D’un tournant politique, enfin, alors que la crise a été un accélérateur des contestations, le plus souvent dans la plus grande confusion, les Français demandant à la fois tout (plus d’État, plus de soignants, plus d’autorité, plus de valorisation des petits métiers de proximité, etc.) et son contraire (plus de liberté, moins de règles, moins d’impôts, plus de grands magasins ouverts, etc.). Saluant ici la chute du tabou protectionniste sous l’effet de la crise (il est enfin autorisé de penser que l’on doit parfois légitimement se protéger au sein d’une démocratie) et le retour du pragmatisme sur les questions de souveraineté, l’ancien locataire du Quai d’Orsay examine tour à tour les enjeux politiques de l’après crise au niveau mondial, européen et national. Pour la France, on retiendra ses quatre préconisations : une meilleure prise en compte du long terme par la création d’un commissariat au Plan, la création d’un poste de vice-Premier ministre pour l’écologisation couplée à la remise en place d’un ministère de l’Industrie, la création d’un ministère de la Santé publique au cadre d’action plus large que l’actuel ministère de la Santé, et enfin l’amorce d’un vigoureux redressement industriel, au premier chef dans les domaines stratégiques que sont la santé publique et les technologies d’avenir. Pour l’Europe, il s’agit tout bonnement de sortir de l’impuissance et de la dépendance, comme le rappelle régulièrement Hubert Védrine dans ses analyses sur le sujet européen. Et pour le monde, il s’agit de ne pas s’aveugler sur la solidarité d’une supposée communauté internationale qui n’a jamais existé, tout en gardant en tête que le multilatéralisme ne sera suivi que s’il fait ses preuves… notamment lors de la « course de haies » des sommets de la rentrée (assemblée générale de l’ONU, du FMI et de la Banque mondiale, réunions du G7 et du G20, conseils européens exceptionnels, COP, etc.).

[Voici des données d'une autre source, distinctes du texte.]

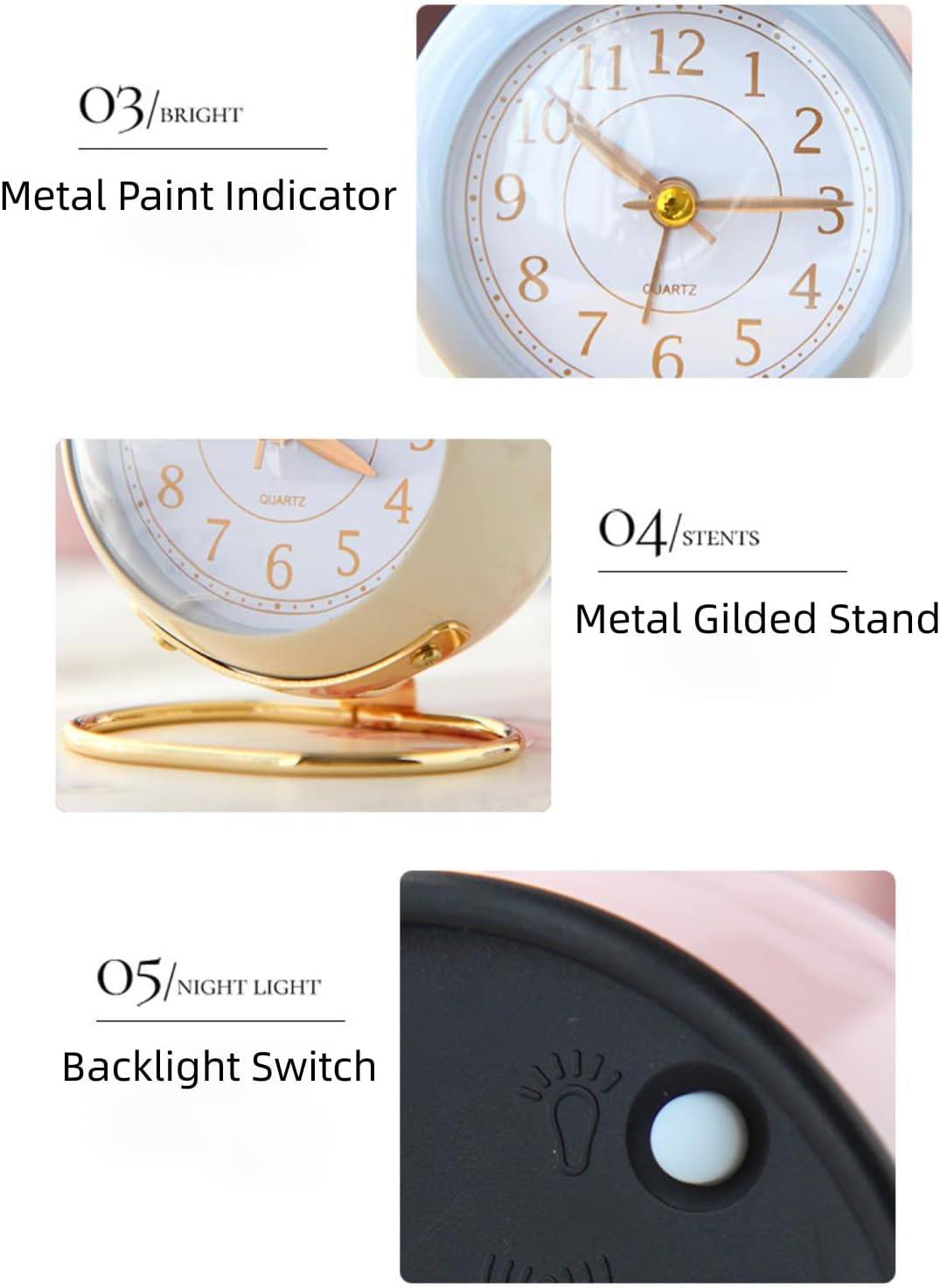 3 Inches Analog Alarm Clocks Retro Backlight Cute Simple Design with Night Light Silent Non-Ticking Battery Operated [Pink]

Au fil d’une vingtaine de chapitres incisifs, Hubert Védrine identifie ainsi les « rendez-vous à ne pas manquer » et pose la question du « prix de la relance » alors que l’opinion est massivement en faveur d’un changement… Tout l’enjeu étant justement d’identifier les contours réalistes de ce changement.
Sous la plume claire de l’homme d’État qui se distingue par son aptitude à expliquer simplement ce qui est complexe, émerge chez le lecteur le sentiment un peu angoissant que la tâche à accomplir est énorme et que le temps presse… alors que la disponibilité des esprits pour décider et accepter le changement ne serait « que » de six cents jours. Six cents jours, n’est-ce pas d’ailleurs le temps dont dispose le nouveau gouvernement français pour produire des effets ? ♦
(1) Philippe de Villiers : Les Gaulois réfractaires demandent des comptes au Nouveau Monde ; Fayard, 2020 ; 162 pages.